Today is World Diabetes Day, so thank you for humoring me in taking a break from the usual fare of food and poetry, and instead look at this disease and consider how we might live so as to avoid it if possible. Carolyn of All Day I Dream of Food invited fellow food bloggers to participate in a World Diabetes Day round-up of diabetic-friendly recipes and stories to highlight this disease. She posited that raising diabetes awareness through food is a good way to get people’s attention on a topic most people don’t really want to talk about. I would imagine each of us would be hard-pressed to not know one person with diabetes. Her own story is pretty compelling, so I would encourage you to click on the link above if you want to check it out or see which other bloggers are participating.
According to the CDC, “As of 2010, 25.8 million people—8.3% of the population—have diabetes; 1.9 million new cases of diabetes were diagnosed in people aged 20 years or older in 2010.” (source) You can imagine how much that number has increased just two years later. I keep hearing about the staggering number of children and youths for whom diabetes might be a reality in the not-so distant future and this makes me so grateful for education / awareness groups like Edible Schoolyard, California Food Literacy Center and Three Squares’ Cooking Matters program. Imagine the adage of “teach a boy to fish…” then when he becomes a man, not only does he know how to fish, but has all that span of time of making healthier choices. He will walk what he mirrors. He will set out on a path that is deliberate and mindful.

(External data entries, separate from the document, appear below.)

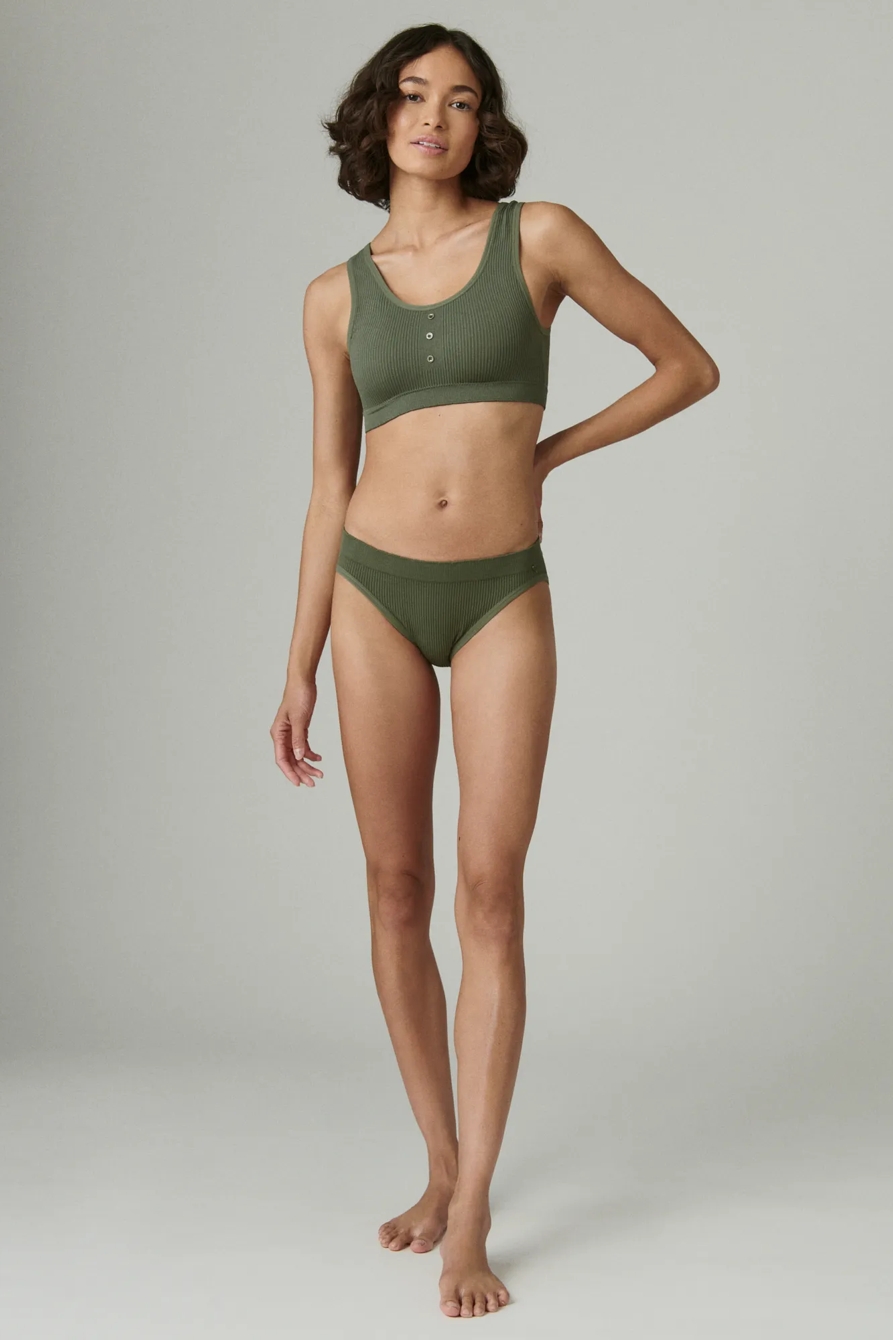 3 PACK RIBBED BUTTON BRA, image 4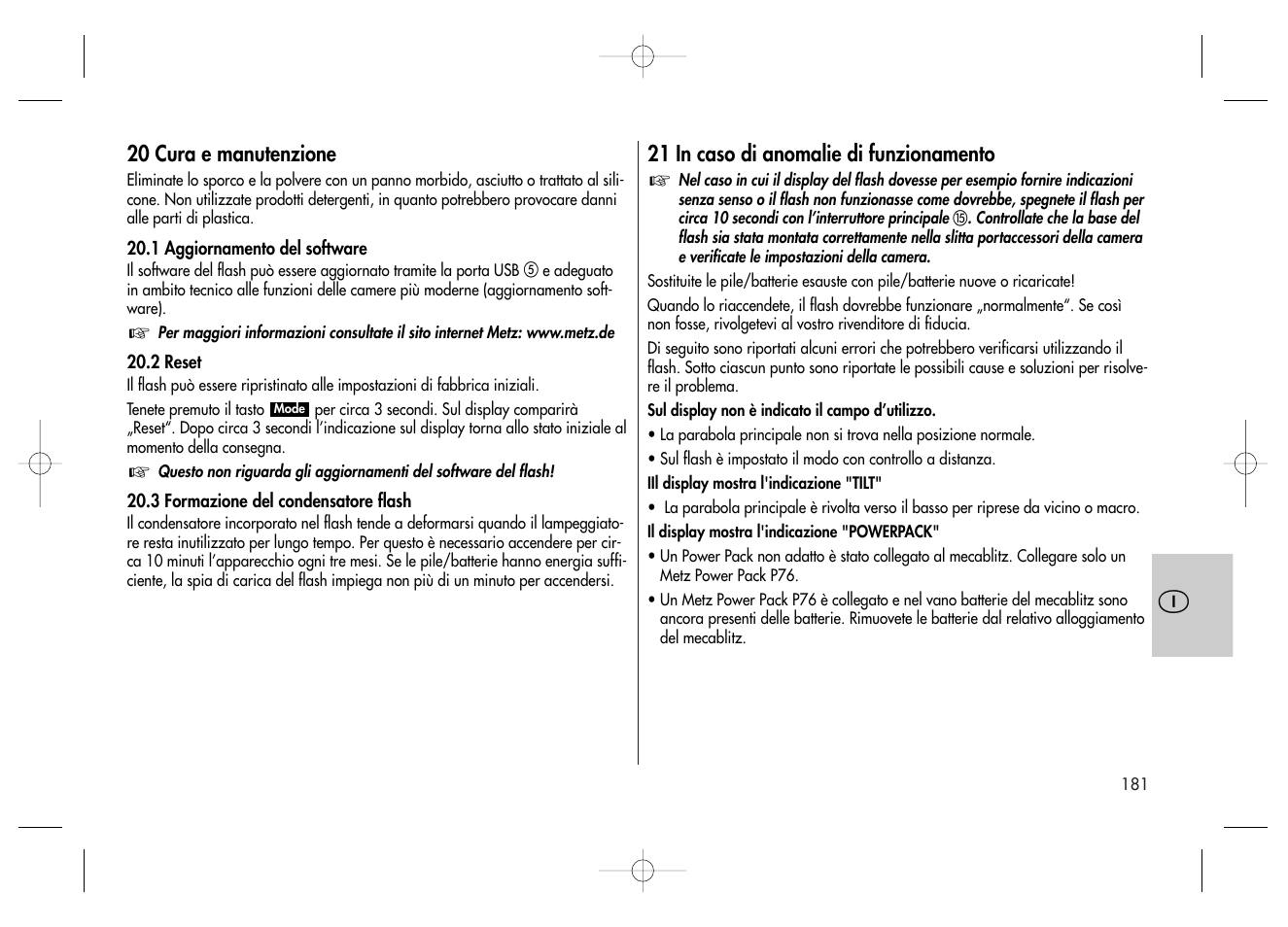 Metz MECABLITZ 58 AF-2 digital Canon User Manual | Page 181 / 230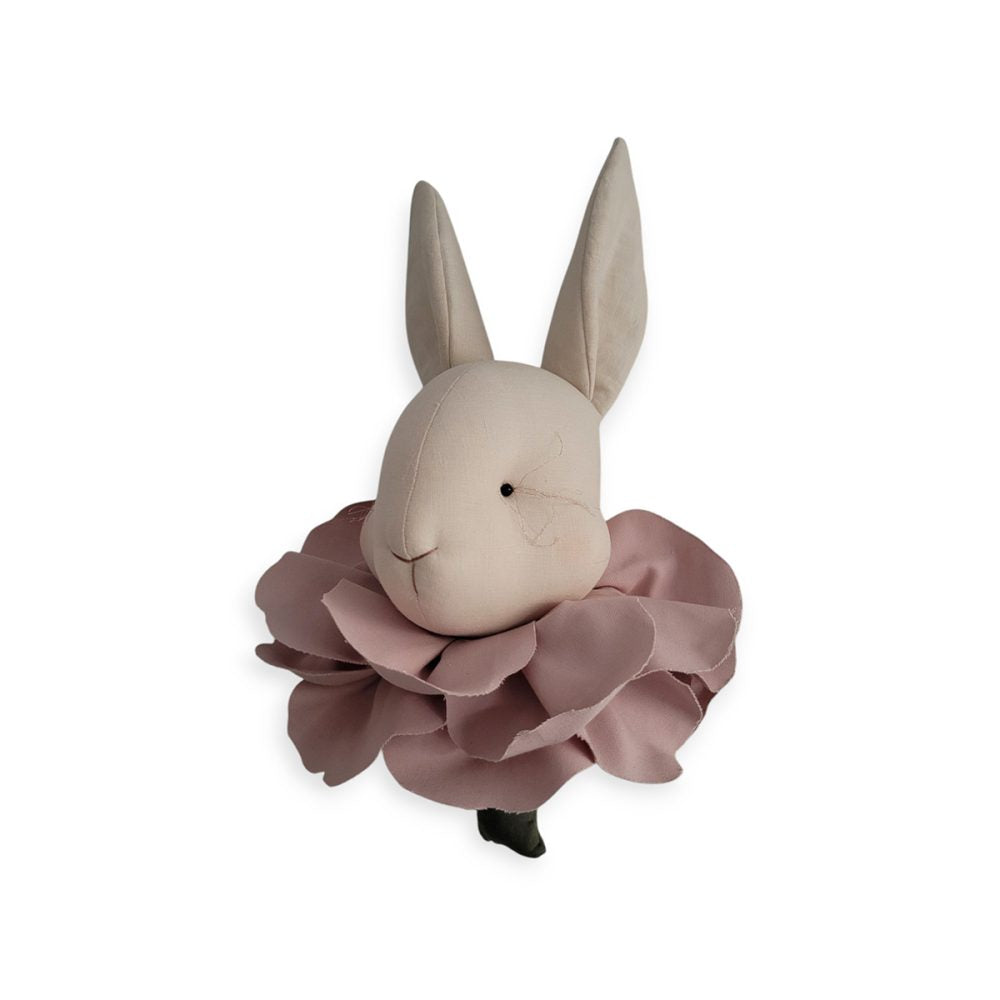 Linen Rabbit - Powder Flower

Diabetes is brutal. Make no mistake of that. I have seen its insidious activity in someone I cared for who needed an amputation and later died of the disease. Then again, I have seen people living with diabetes change their lifestyle and keep the disease in check- and these people give me so much hope!
Instead of just posting one recipe that would be diabetic-friendly, I am posting photos and links to previous recipes shared here. Healthy eating doesn’t have to be bland or boring. Instead, and notably for diabetics, sugars in food have to be tracked. I would imagine that fiber with its ability to slow down the effects of sugar becomes a friend.
So, what are some of your diabetic-friendly recipes? (Think low glycemic, n0 to low sugar, whole grain, not processed – the bread in the photo of the fish burger wouldn’t fly, veggie-heavy, lean proteins, etc…)
Fish Burger with Lentil Dip and Cucumber Yogurt
Omit the bread and serve on a bed of spinach for a delectable meal. This recipe is by Chef Michael Moore who is diabetic and wrote a fantastic cookbook called “Blood Sugar” typifying the foods into the types of energy they provide. I do think the title kind of feel undersells the sumptuous recipes inside. It is the cookbook that my non-diabetic husband has told me is his favorite of the ones we have reviewed thus far.
Bok Choy Bell Scramble
This recipe came together easily from the outcroppings of produce that needed to be used. Scrambles are an economic and easy way to use what you have on hand, notably lots of veggies and eggs.
Toasted Walnut Green Bean & Labneh Salad
This salad stands out for the creaminess of probiotic-rich labneh and the toasted walnuts with the bright flavors of the tomatoes. Then again, the green beans with tomatoes is such a classic flavor.
Creamy Black Beans with Melted Onions
Beans are their own version of comfort food. These beans taste good on their own with some polenta or rice. If you stir in a bit of salsa or yogurt, you can puree them into a soup and then, watch out.